§ WORK REQUEST
Your answer should contain only the lines from the top of the data below down through the one with "Linda niña preparándose", transcribed exactly and without pictures; please include nothing more.

Crawled caption data:
+---+
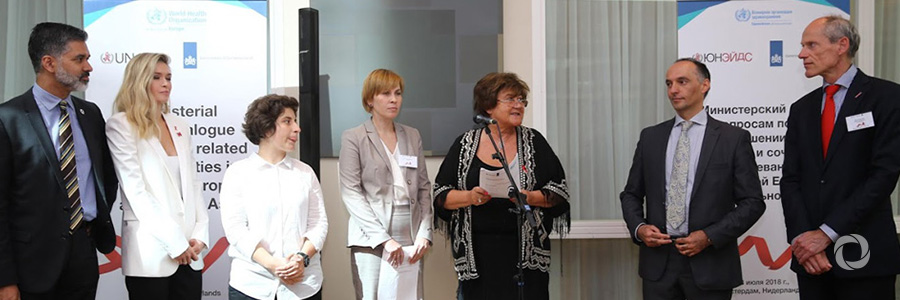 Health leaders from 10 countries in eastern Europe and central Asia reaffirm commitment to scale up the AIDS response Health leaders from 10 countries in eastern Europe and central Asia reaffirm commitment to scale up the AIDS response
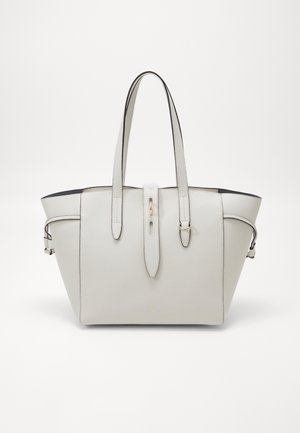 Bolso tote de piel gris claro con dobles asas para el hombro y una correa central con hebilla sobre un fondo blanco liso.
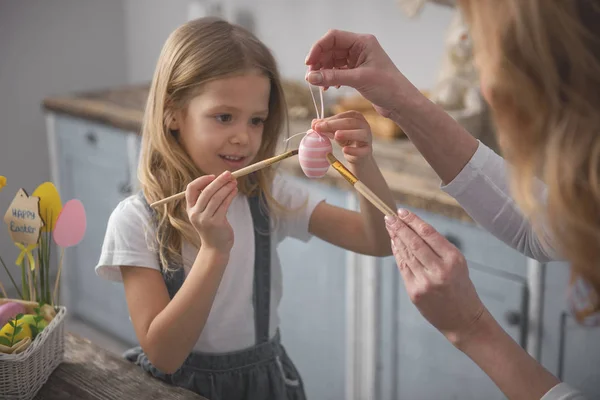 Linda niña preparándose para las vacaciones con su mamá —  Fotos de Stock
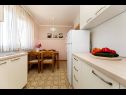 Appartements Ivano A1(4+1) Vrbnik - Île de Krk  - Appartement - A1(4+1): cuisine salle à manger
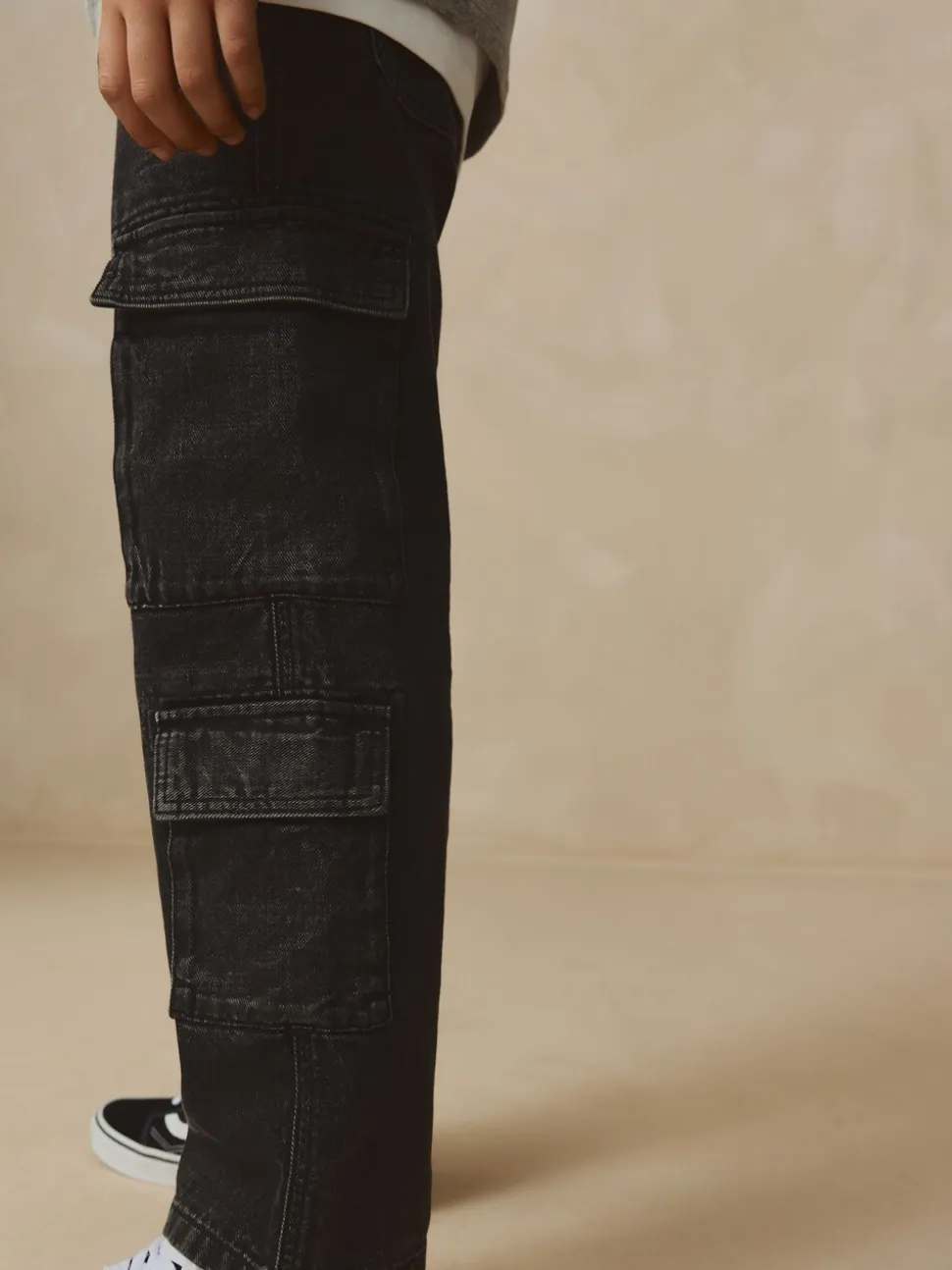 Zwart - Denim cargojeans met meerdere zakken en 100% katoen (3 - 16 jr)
+---+
§ YOUR SOLUTION
 Health leaders from 10 countries in eastern Europe and central Asia reaffirm commitment to scale up the AIDS response Health leaders from 10 countries in eastern Europe and central Asia reaffirm commitment to scale up the AIDS response
 Bolso tote de piel gris claro con dobles asas para el hombro y una correa central con hebilla sobre un fondo blanco liso.
 Linda niña preparándose para las vacaciones con su mamá —  Fotos de Stock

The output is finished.